WORK TO BE COMPLETED: Copy the records below in full, keeping each word as it is but omitting the pictures.

Brief descriptive captions:
■ ■ ■ ■ ■

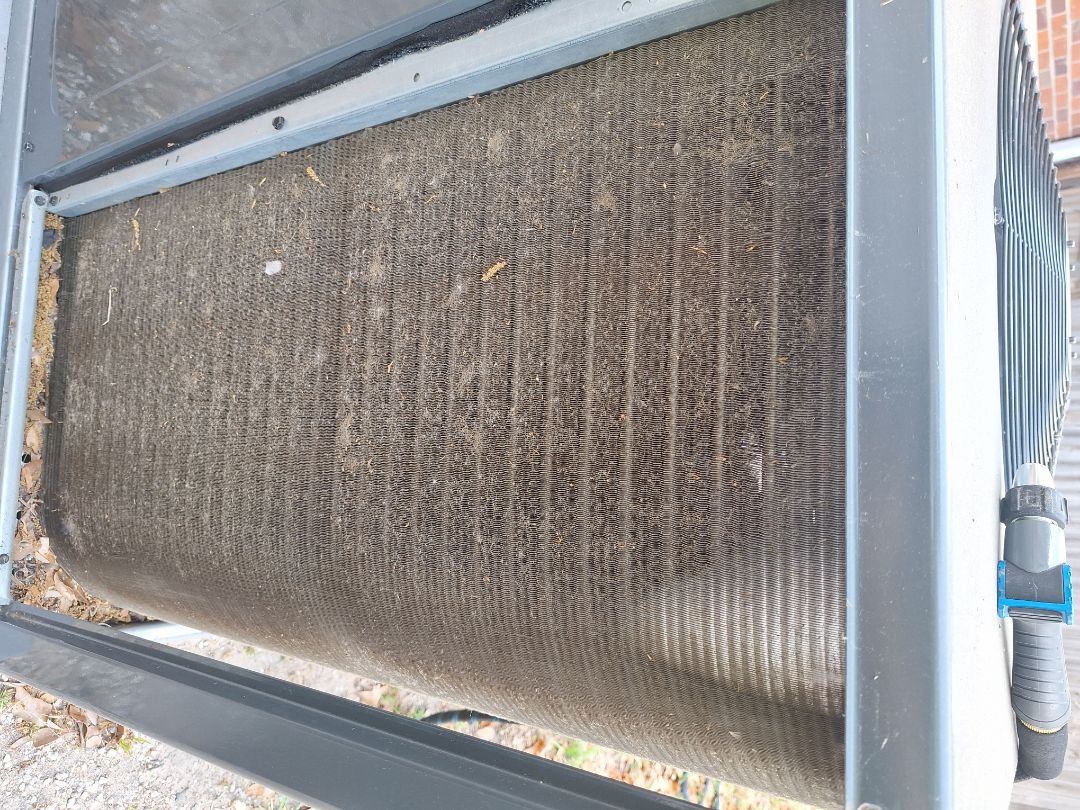 goodman ac maintenance 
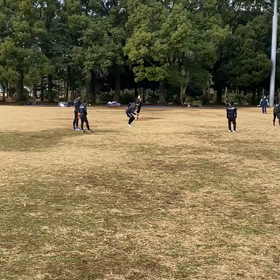 男子Cチーム バトン練習④の画像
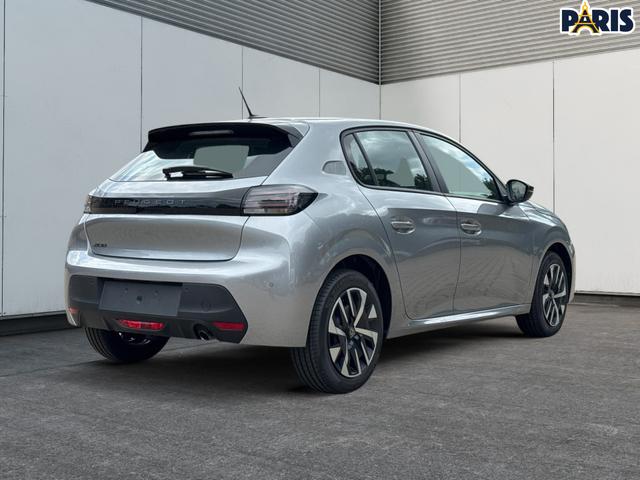 Peugeot / 208 / Grau / / / MAN6+SHZ+LED+PDC+TEMPOMAT, Beispielbilder, ggf. teilweise mit Sonderausstattung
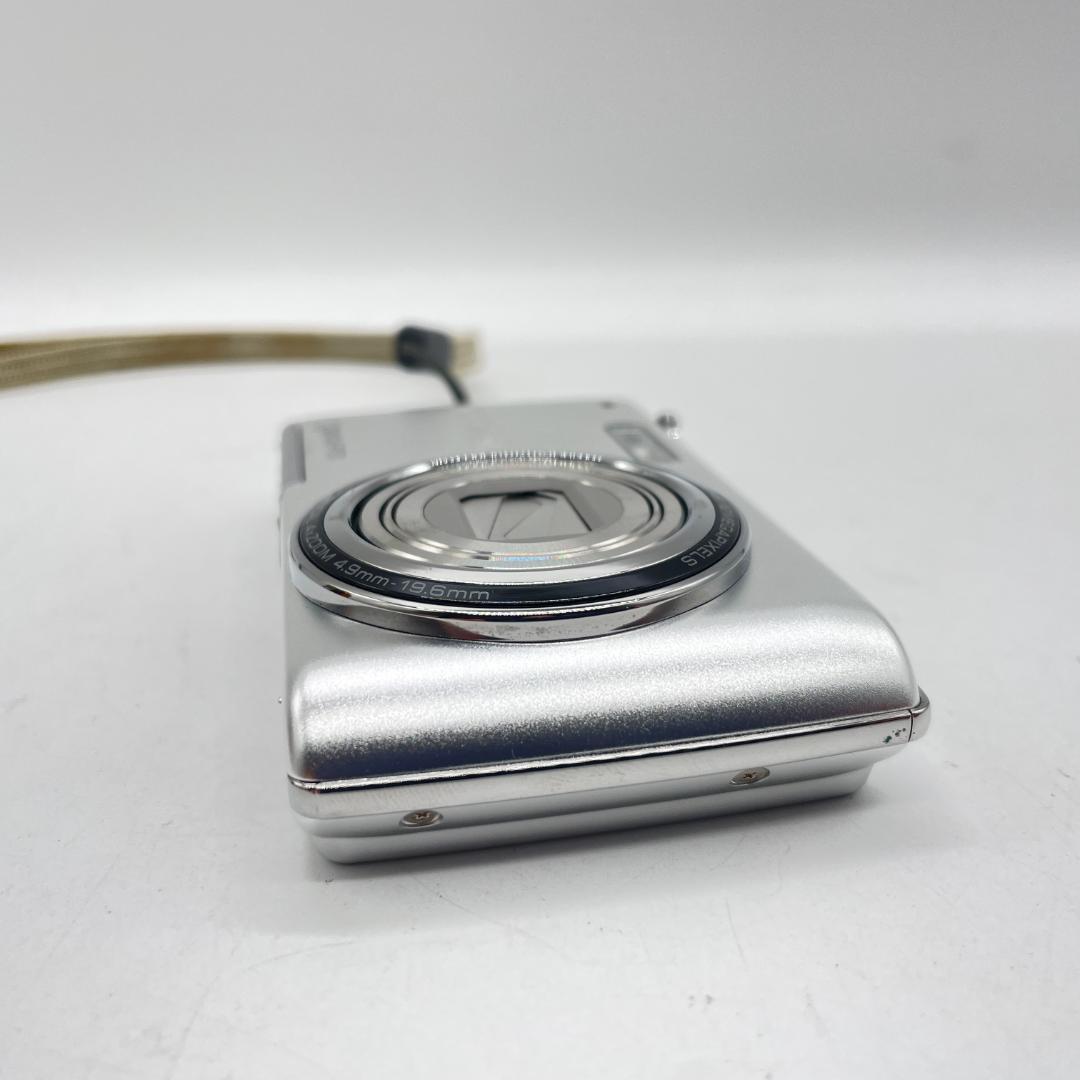【動作品・転送特典有り】PENTAX Optio P70 SILVER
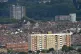 A general view of houses and tower blocks in Bristol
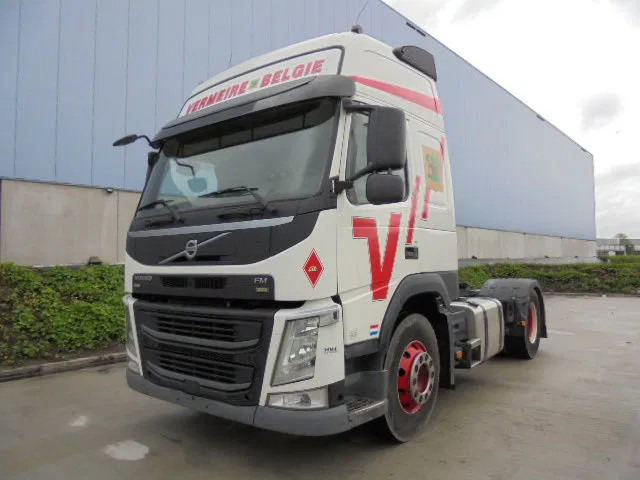 Volvo FM 12.420 EURO 6 - Τράκτορας: φωτογραφία 1 Volvo FM 12.420 EURO 6 - Τράκτορας: φωτογραφία 1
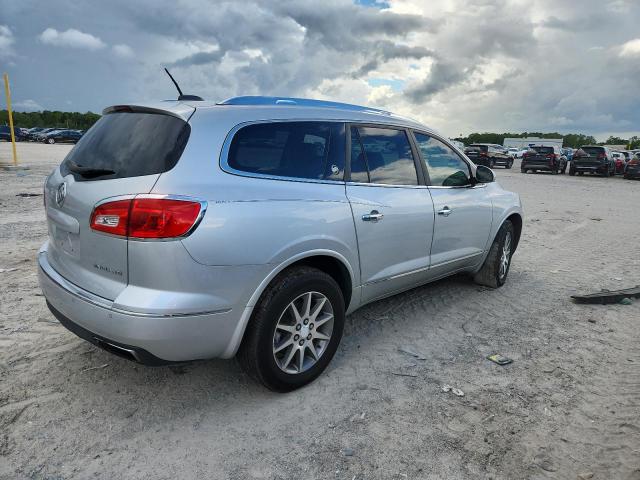 Parquets BUICK ENCLAVE 2017 Srebrny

■ ■ ■ ■ ■

RESULT OF THE EXERCISE:
 goodman ac maintenance 
 男子Cチーム バトン練習④の画像
 Peugeot / 208 / Grau / / / MAN6+SHZ+LED+PDC+TEMPOMAT, Beispielbilder, ggf. teilweise mit Sonderausstattung
【動作品・転送特典有り】PENTAX Optio P70 SILVER
 A general view of houses and tower blocks in Bristol
 Volvo FM 12.420 EURO 6 - Τράκτορας: φωτογραφία 1 Volvo FM 12.420 EURO 6 - Τράκτορας: φωτογραφία 1
 Parquets BUICK ENCLAVE 2017 Srebrny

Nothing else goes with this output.